In Minnesota, as the old joke goes, the year breaks down into two seasons: winter and road construction.

When my husband and I lived in Florida for three years, we discovered that road construction is a never-ending season. Every Sunday on our way to church we traversed a seven-mile stretch of pavement that was continuously ripped up and dotted with orange cones. Season in and season out, the construction crews never seemed to finish the job.

We contrasted their apparent slowness with the Land of 10,000 Lakes, where crews will labor all week long in October to complete road maintenance. So are Minnesotans innately harder workers than Floridians? No, they simply embrace their natural limitations.

Winter provides Minnesotans with deadlines and incentives. No one knows for sure when the first snowstorm will strike and the ground freeze up. Work must be completed literally while the sun still shines.

This contrast challenges my perspective on eternity. Too often I live like a Florida-road-construction Christian—not realizing the urgency of helping to complete the job of the Great Commission. I have all day, all month, all year to communicate the gospel with a neighbor, friend or relative. What's the rush?

And the relaxed-deadline principle relates to my relationships. It's not too tragic to leave one in disrepair for awhile when a blizzard's not looming. Or to take time with my young kids for granted when their departure seems many exits down the road.

In reality, I want to be more gripped by life's brevity. I am too easily lulled into thinking that our mission to spread the gospel and care for our neighbors is not that urgent. Hell can't really be that bad. Or else I would act and live and love others like eternity really did hang on it.

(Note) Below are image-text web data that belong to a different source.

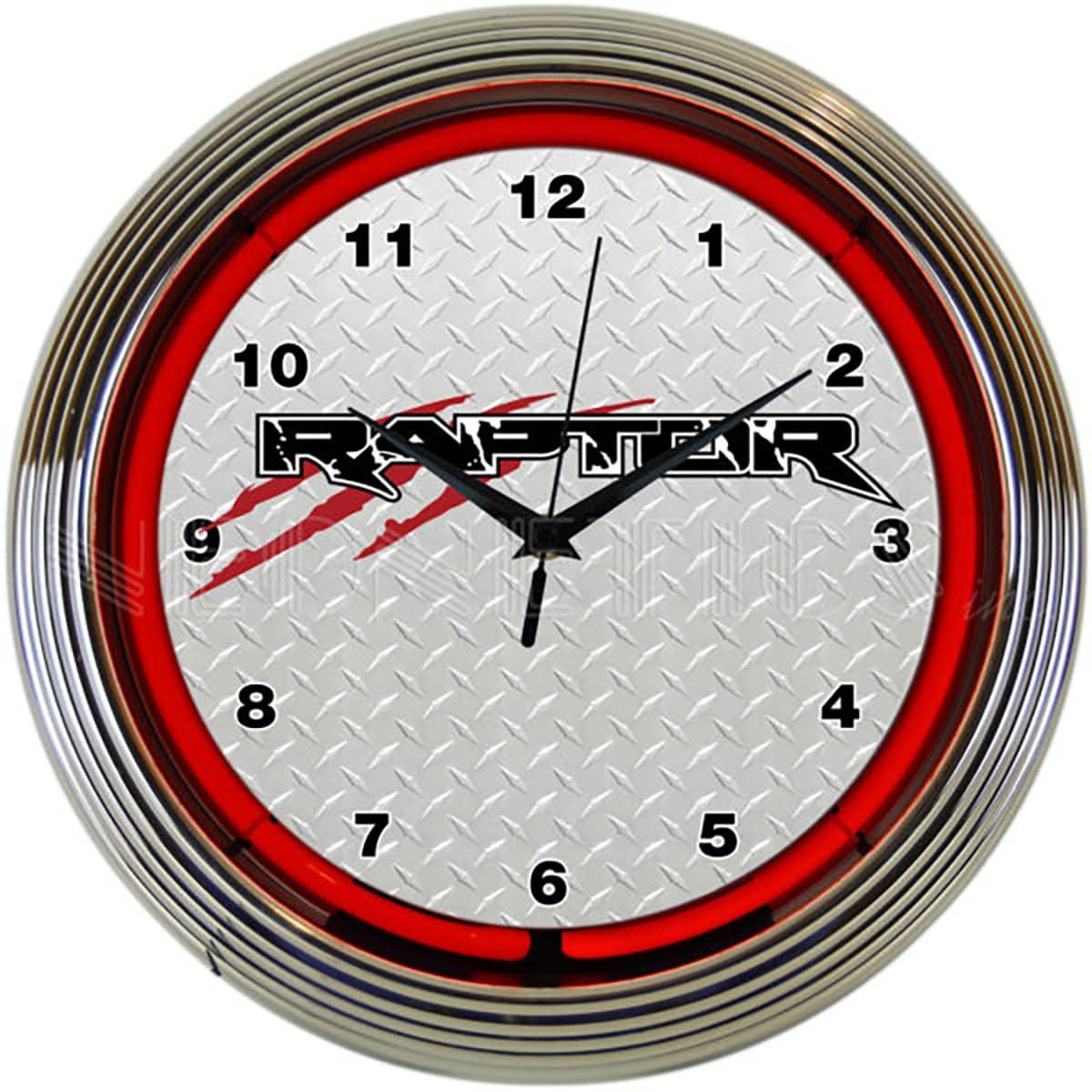 FORD RAPTOR RED NEON CLOCK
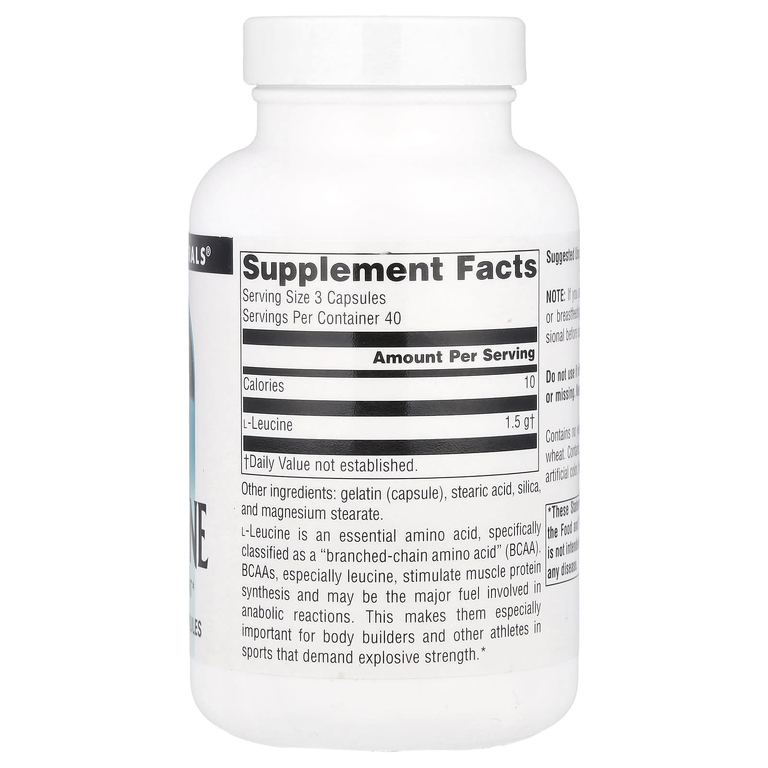 Source Naturals, L-лейцин в свободной форме, 500 мг, 120 капсул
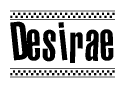The clipart image displays the text Desirae in a bold, stylized font. It is enclosed in a rectangular border with a checkerboard pattern running below and above the text, similar to a finish line in racing. 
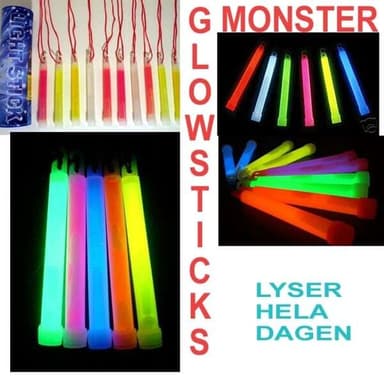10 store glowsticks - blandede farger 15 cm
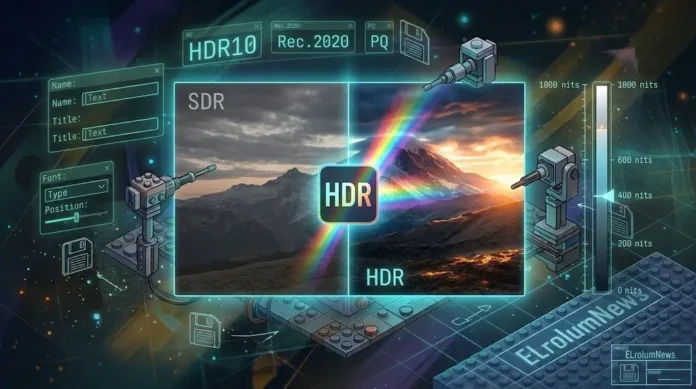 Ilustrasi high dynamic range HDR Grading DaVinci Resolve dengan spektrum cahaya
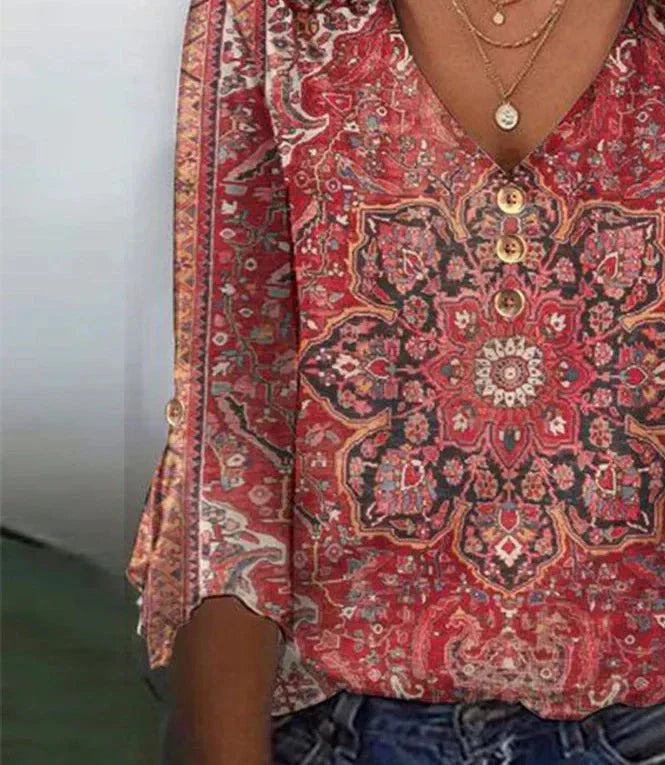 Damen Roter Druck Klassisch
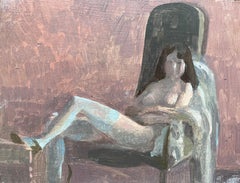 Modernist French Oil Painting Reclining Nude Woman Blue Stockings and Shoes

I need the Lord to help me take closer to heart Paul's words to the Ephesians: "Be very careful, then, how you live—not as unwise but as wise, making the most of every opportunity, because the days are evil" (5:15,16, New International Version).

Fair weather dupes us into believing the lie of unending opportunity. Let's instead rip a page out of Minnesota's road-construction playbook and allow tomorrow's uncertainty to expand our laboring and loving today.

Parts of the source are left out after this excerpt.